Operacija Trijumf (Cyrillic: Операција Тријумф; English: Operation Triumph) was a regional music talent TV reality show filmed in Belgrade, Serbia, aired in the region of former Yugoslavia. It is a local version of Star Academy reality series that was developed and is licensed worldwide by Endemol. The show features contestants from the former Yugoslav republics of Croatia, Serbia, Bosnia & Herzegovina, Macedonia and Montenegro, the show is broadcast by 6 networks in these five countries. The winner of Operacija Trijumf is Adnan Babajić.

Run by Emotion production company from Serbia (local Endemol licence holder), Operacija trijumfs sole season began on September 29, 2008. The production format consists of gala evenings held each Monday night in prime time and hosted by a 4-person crew (Ana Mihajlovski, Nikolina Pišek, Milan Kalinić, and Dragan "Maca" Marinković). Additionally, there's a weekly recap show "OT mozak" hosted by Sanja Rajković-Jovanović on Tuesdays as well as variety show "Najgori od sve dece" (The Worst of All the Children/Candidates) hosted by Marijana Mićić and Maca on Saturdays.

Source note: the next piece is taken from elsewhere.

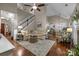 Open living room featuring hardwood floors, neutral decor, and seamless access to the kitchen and dining areas at 801 Celbridge Ct, Charlotte, NC 28270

The jury was formed by Marina Tucaković, Tonči Huljić and Ismeta Dervoz.

Gala evenings

First gala
The very first gala evening on Monday September 29, 2008 featured the introduction to 16 contestants that have entered the Academy as well as performances from Anastacia, Karolina Gočeva, Sergej Ćetković, Jelena Rozga, Deen, Let 3, and Marija Šerifović.

Second gala
The second gala evening on October 6 featured performances from Željko Joksimović, Severina, and Laka. Contestants Nikola Paunović and Ivana Nikodijević were nominated. The favourite of the audience was Aleksandar Belov.

Third gala
The third gala evening on October 13 featured Magazin and Zana. It is the first gala evening that had a contestant expelled, Ivana Nikodijević being the first expelled candidate. Contestants Antonija Besednik and Đorđe Gogov were nominated. The favourite of the audience was Aleksandar Belov.

Fourth gala
The fourth gala evening on October 20 featured Elena Risteska, Željko Samardžić, Atomsko sklonište, Sky Wikluh and Ajs Nigrutin. Contestant Antonija Besednik was expelled. Sky Wikluh and Ajs Nigrutin stayed in the academy with the contestants for a week. Contestants Andrea Harapin and Nikola Sarić were nominated. The favourite of the audience was Aleksandar Belov.

Fifth gala
The fifth gala evening on October 27 featured Kemal Monteno and Boris Novković. Contestant Andrea Harapin was expelled. Contestants Danijel Pavlović and Jasmina Midžić were nominated.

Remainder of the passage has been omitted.